Micrometer-scale structural alterations and mesoscopic damage mechanisms in coal induced by SC-CO2 impact

Understanding mesoscopic scale damage to coal subjected to SC-CO2 impacts is significant in revealing how transient, high-pressure impact affects micro-nano pore evolution in coal. A custom-designed SC-CO2 impact experimental system was developed to prepare impact-treated bituminous coal samples. The micron-scale surface morphology distribution, mechanical property parameters, and functional group content of coal samples were characterized before and after SC-CO2 impact through atomic force microscopy (AFM), Fourier-transform infrared spectroscopy (FTIR), and scanning electron microscopy (SEM). The mesoscopic failure mechanisms of coal induced by SC-CO2 were systematically investigated by correlating the evolution of surface topography, chemical bonding states, and localized mechanical degradation. It was observed that the impacted coal exhibited an average elastic modulus of 3.021 GPa, which is 10.2 % lower than that for original coal samples.

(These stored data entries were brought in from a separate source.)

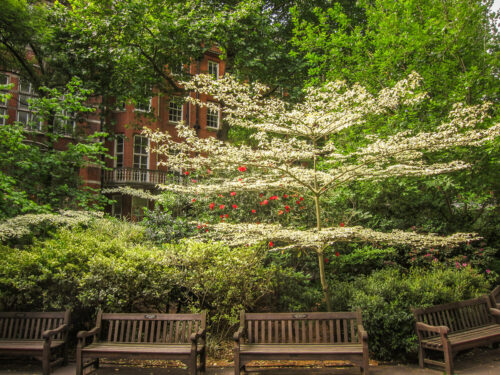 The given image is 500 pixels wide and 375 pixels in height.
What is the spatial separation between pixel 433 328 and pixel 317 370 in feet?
5.77

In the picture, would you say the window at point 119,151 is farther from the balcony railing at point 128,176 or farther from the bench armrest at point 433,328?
the bench armrest at point 433,328

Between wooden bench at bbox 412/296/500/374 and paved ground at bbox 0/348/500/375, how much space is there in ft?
0.92

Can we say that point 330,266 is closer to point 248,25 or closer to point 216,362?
point 216,362

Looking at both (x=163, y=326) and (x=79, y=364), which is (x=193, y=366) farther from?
(x=79, y=364)

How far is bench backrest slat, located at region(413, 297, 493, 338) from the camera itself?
205 inches

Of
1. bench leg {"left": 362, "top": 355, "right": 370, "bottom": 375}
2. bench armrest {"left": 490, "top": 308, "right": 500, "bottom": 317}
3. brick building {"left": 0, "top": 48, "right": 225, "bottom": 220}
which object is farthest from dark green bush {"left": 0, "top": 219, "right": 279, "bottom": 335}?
brick building {"left": 0, "top": 48, "right": 225, "bottom": 220}

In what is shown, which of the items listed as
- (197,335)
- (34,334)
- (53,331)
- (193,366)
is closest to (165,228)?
(34,334)

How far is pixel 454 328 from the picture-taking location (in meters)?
5.61

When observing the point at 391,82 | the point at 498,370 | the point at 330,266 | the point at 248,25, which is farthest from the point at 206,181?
the point at 498,370

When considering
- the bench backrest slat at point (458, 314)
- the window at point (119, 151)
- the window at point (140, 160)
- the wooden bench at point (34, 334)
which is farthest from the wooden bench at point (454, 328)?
the window at point (119, 151)

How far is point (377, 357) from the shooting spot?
5.38 metres

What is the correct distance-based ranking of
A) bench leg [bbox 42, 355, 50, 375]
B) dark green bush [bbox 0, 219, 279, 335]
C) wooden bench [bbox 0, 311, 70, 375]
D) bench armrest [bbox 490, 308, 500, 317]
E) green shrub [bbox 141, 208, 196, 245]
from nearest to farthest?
bench leg [bbox 42, 355, 50, 375], wooden bench [bbox 0, 311, 70, 375], dark green bush [bbox 0, 219, 279, 335], bench armrest [bbox 490, 308, 500, 317], green shrub [bbox 141, 208, 196, 245]

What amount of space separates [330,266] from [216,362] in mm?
3535

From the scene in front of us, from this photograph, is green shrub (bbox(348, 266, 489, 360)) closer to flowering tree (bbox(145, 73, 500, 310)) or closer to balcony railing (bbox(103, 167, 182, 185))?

Surface roughness parameters Ra and Rq recorded values of 11.09 nm and 14.60 nm, respectively, which are increases of 24.3 % and 27.4 %. The SC-CO2 impact mechanism comprises three synergistic processes: high-velocity stress waves, through hybrid fluid compression, result in the stress concentration along weak internal planes, producing a gas-wedge effect and subsequent propagating, localized tensile fractures. Oxygen-containing functional groups and aliphatic chains were preferentially removed through selective extraction, promoting the condensation of aromatic structures and reorganization of unsaturated bonds. The strength of intermolecular forces was reduced, and the material porosity was increased due to this molecular rearrangement. On a structural level, this means the transition from pre-damage by stress waves, via gas-wedge effects and extraction, into the continuous, heterogeneous brittle fragmentation of the structure.